Texas Comptroller Glenn Hegar toured the SpaceX rocket development plant in McGregor on Thursday and later touted Greater Waco as a hotbed of aerospace-related companies contributing to a statewide manufacturing base that eclipses the total economy of Portugal.
Hegar spoke to about 60 business and community leaders at the Greater Waco Chamber of Commerce headquarters, his third visit on a “Good for Texas Tour: Manufacturing Edition.” Topics ranged from Hurricane Harvey and school finance to the challenge of accommodating the 1,200 people who have moved to Texas daily “the past 15 to 20 years.”
“I focused on the aerospace industry here because it is such a significant part of the Waco economic picture,” Hegar said during an interview.
He mentioned SpaceX, which employs about 500 people, and the L3 Technologies plant at Texas State Technical College airport that modifies commercial and military aircraft and employs about 1,300 people, though it has experienced layoffs in recent years.
Kris Collins, senior vice president for economic development at the Greater Waco Chamber of Commerce, said Greater Waco has become home to more than 40 aviation- and aerospace-related companies.
“The aerospace industry employs a highly educated and skilled workforce,” Hegar said during his presentation. “About 60 percent of its Texas employees have at least some college experience, compared to 47 percent of all employed Texans.

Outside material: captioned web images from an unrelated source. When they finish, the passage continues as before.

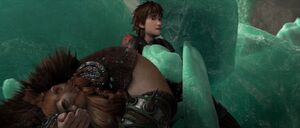 Hiccup removing some rubble off his father's body.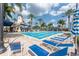 Resort-style pool with a water slide and lounge chairs at 5221 Wishing Arch Dr, Apollo Beach, FL 33572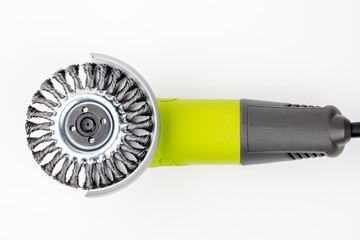 Angle grinder with metal brush on white background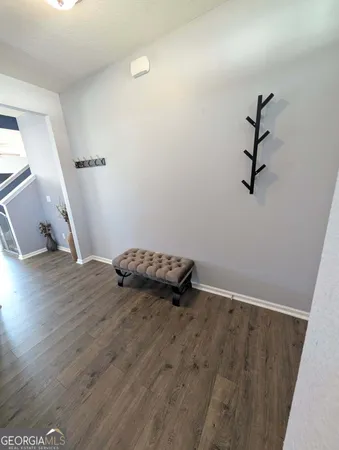 a kitchen with stainless steel appliances granite countertop a sink a stove and a wooden cabinets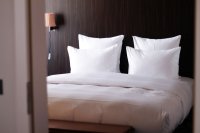 Zo stylet je je bed als een boetiekhotel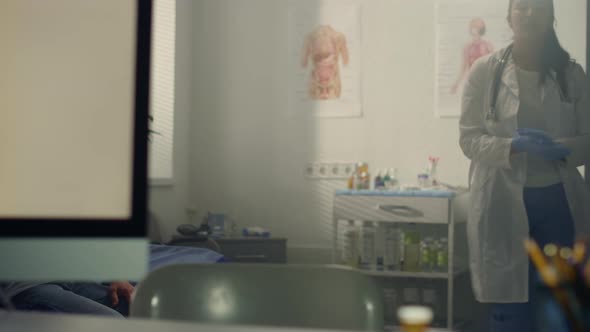 Woman Doctor Working Immunizing Elderly People in Hospital alt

“The aerospace industry also creates jobs that pay well above the statewide average, with the average full-time worker earning more than $97,000 a year.”
Aerospace and other makers of transportation equipment contribute $9.8 billion to annual exports and create almost 177,000 direct and indirect Texas jobs, adding $12.9 billion to the state’s gross domestic product, according to a fact sheet Hegar distributed.
In all, Texas manufacturers accounted for more than 3 million direct and indirect jobs in 2016, and manufacturers exported $210 billion in goods and contributed $228 billion to the state’s GDP.
Texas has the 10th largest economy in the world, bigger than the U.S. neighbors of Mexico and Canada, and that of Russia as well, according to PolitiFact Texas.
Talk within the Trump administration of abolishing the North American Free Trade Agreement would prove harmful to the state’s economy, Hegar said. He urged the business community to push back against the idea.
“Does it need reviewing? Yes. But to rip it up and throw it away would be a bad idea for the state of Texas,” Hegar said.
Laredo has become the third-busiest port of entry among 29 in the United States that receive shipments of goods by land, sea and air, he said.
Before his talk with business leaders, Hegar ate lunch with Waco Mayor Kyle Deaver, McLennan County Judge Scott Felton and Waco Assistant City Manager Wiley Stem. Waco banker David Lacy, who serves as chairman of the Waco chamber’s public policy committee, and Jessica Attas, the chamber’s director of public policy, also attended the lunch.
Banker Rodney Kroll attended as a representative of the Waco Industrial Foundation, and Mark Reynolds attended as chairman of the chamber.
Attracting more manufacturing jobs “has been a 50-year priority of the city of Waco,” Lacy said during an interview.
“We’ve done well, but we can do better,” he said. “I’d like a few more high-tech companies sprinkled into the mix.”
Collins, who recruits industry, said the chamber’s pipeline of prospects considering a move to Greater Waco includes manufacturing companies, though she declined to discuss specifics of what they produce.
Addressing questions posed by attendees, Hegar said Hurricane Harvey inflicted $180 billion in damage on the Gulf Coast. Hundreds of thousands of residents suffered property damage due to flooding, but only an estimated 15 percent had flood insurance, he said.
“This event will not necessarily impact the state budget, but local communities are devastated,” Hegar said.
At least 100,000 vehicles were damaged, and the state will receive sales tax revenue on cars and trucks bought as replacements, helping to offset costs associated with assisting residents not receiving federal support.
He said property tax reform remains on the minds of many, especially as it relates to school funding, “which creates the bulk of the pressure.”
Texas proves attractive to business prospects because it has no state income tax, but high property taxes sometimes hamper negotiations, he said.
“Our sales tax generated $28 billion last year, 58 percent of our state revenue. But the list of things exempt from sales tax is longer than the list of inclusions,” Hegar said.
Broadening the list of items subject to sales tax could represent a solution to school funding squeezes, he said.
The Texas economy has created 300,000 jobs over the past year, and has averaged annual growth of 3.8 percent the last 20 years.
“Last year, it was down to three-tenths of 1 percent due to falling oil prices and the loss of 160,000 oil-patch jobs,” he said. “But during the first quarter of this year, the rate is back up to 3.9 percent.”